Task statement. The reply should hold only the lines below beginning at the one with "a tunnel with" and ending at the one with "Meeting Agenda pic with a laptop", copied exactly, with every picture left out.

Input data.
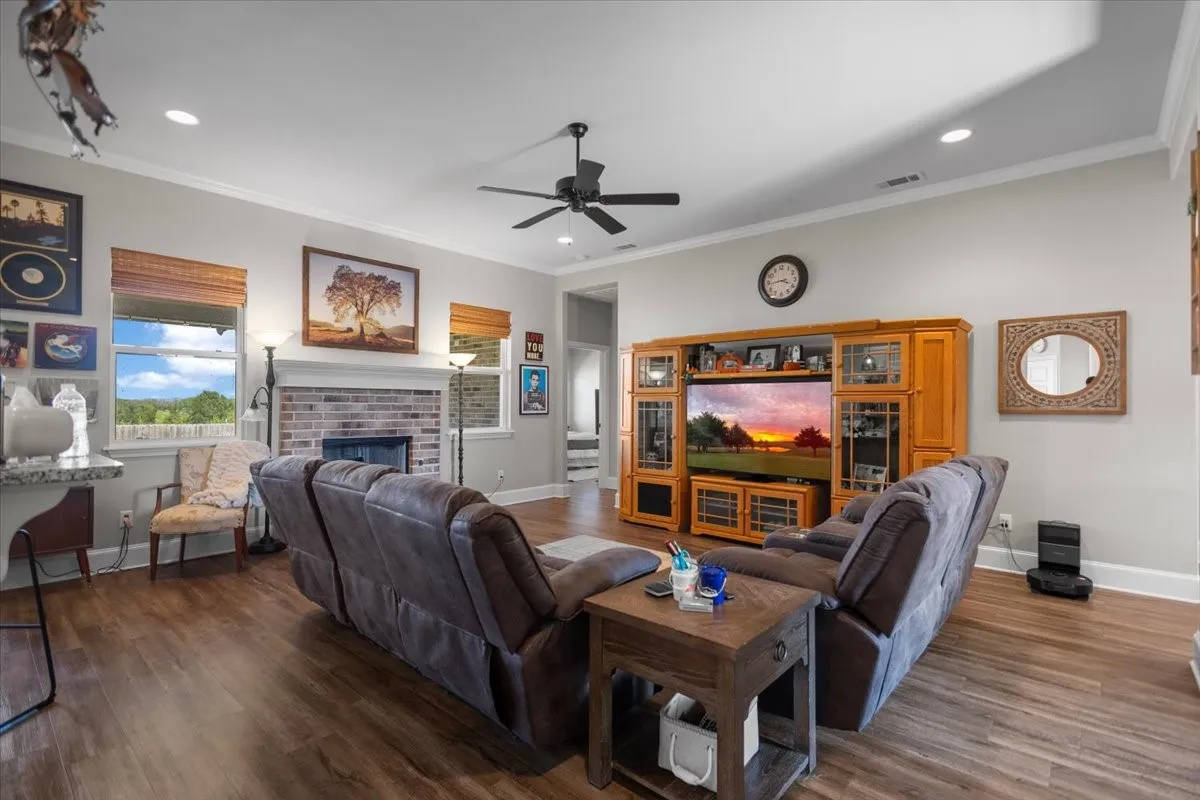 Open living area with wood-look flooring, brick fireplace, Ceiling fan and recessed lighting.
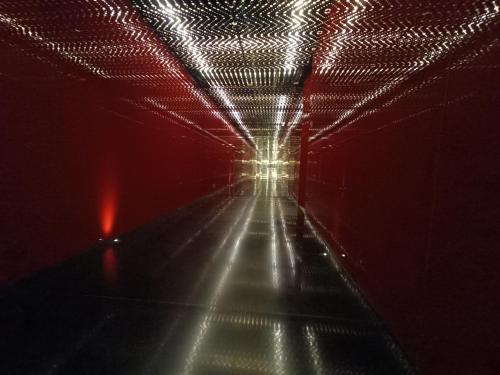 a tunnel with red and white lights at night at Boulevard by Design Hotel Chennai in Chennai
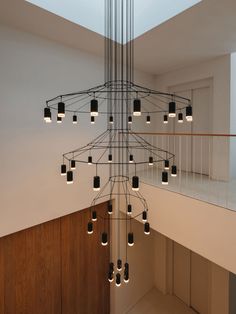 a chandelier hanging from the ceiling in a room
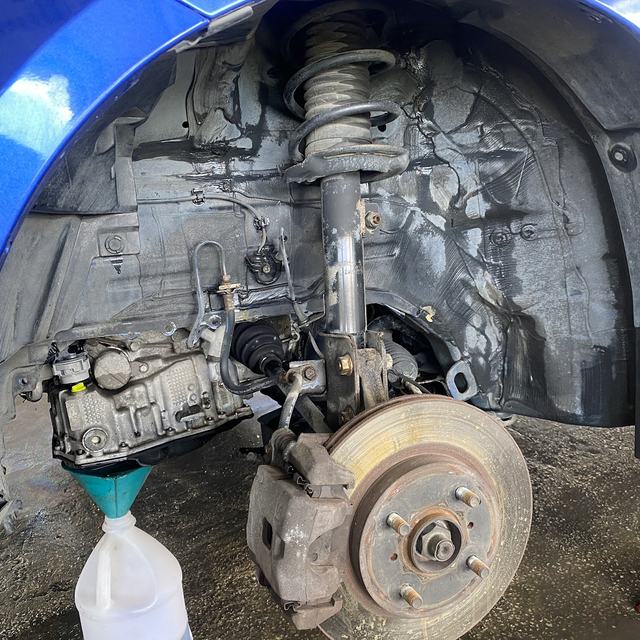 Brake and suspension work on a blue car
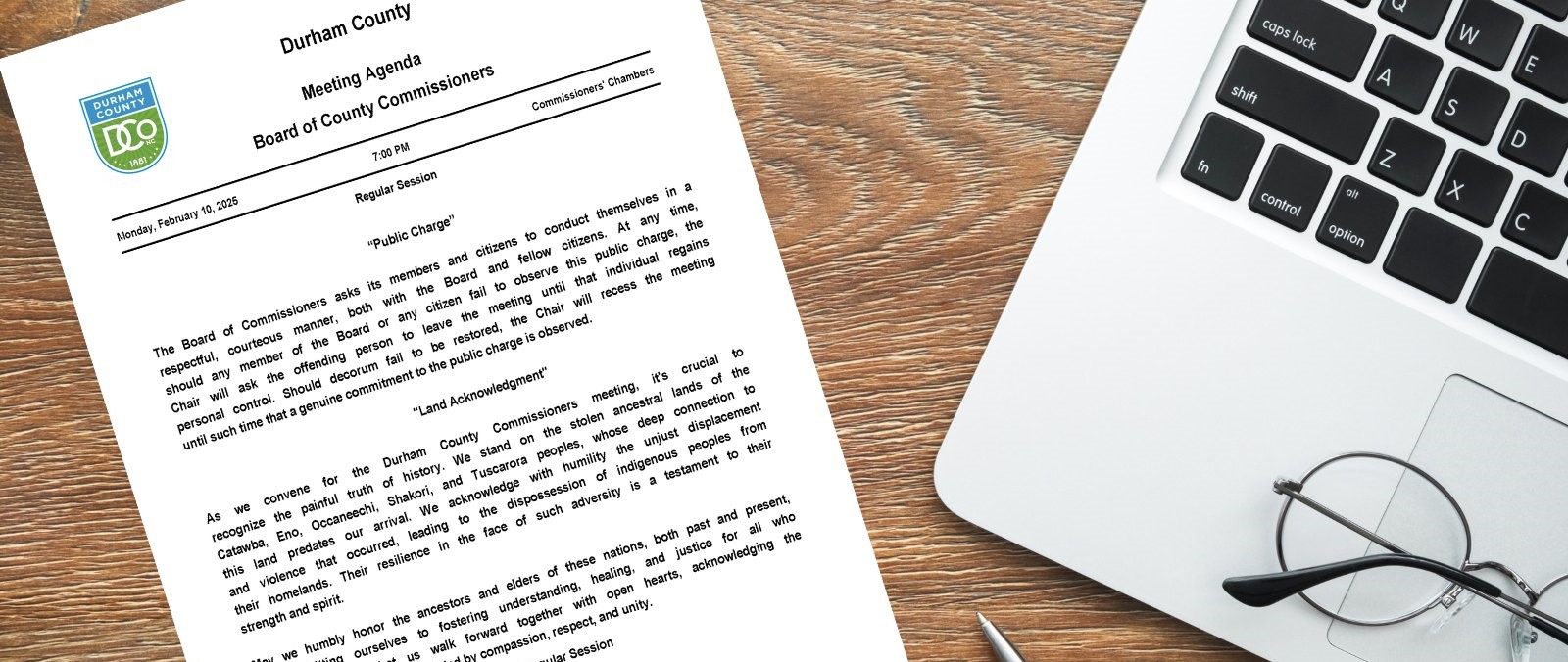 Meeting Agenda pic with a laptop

--

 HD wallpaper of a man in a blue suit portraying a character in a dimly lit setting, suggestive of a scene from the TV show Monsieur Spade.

Your response.
 a tunnel with red and white lights at night at Boulevard by Design Hotel Chennai in Chennai
 a chandelier hanging from the ceiling in a room
 Brake and suspension work on a blue car
 Meeting Agenda pic with a laptop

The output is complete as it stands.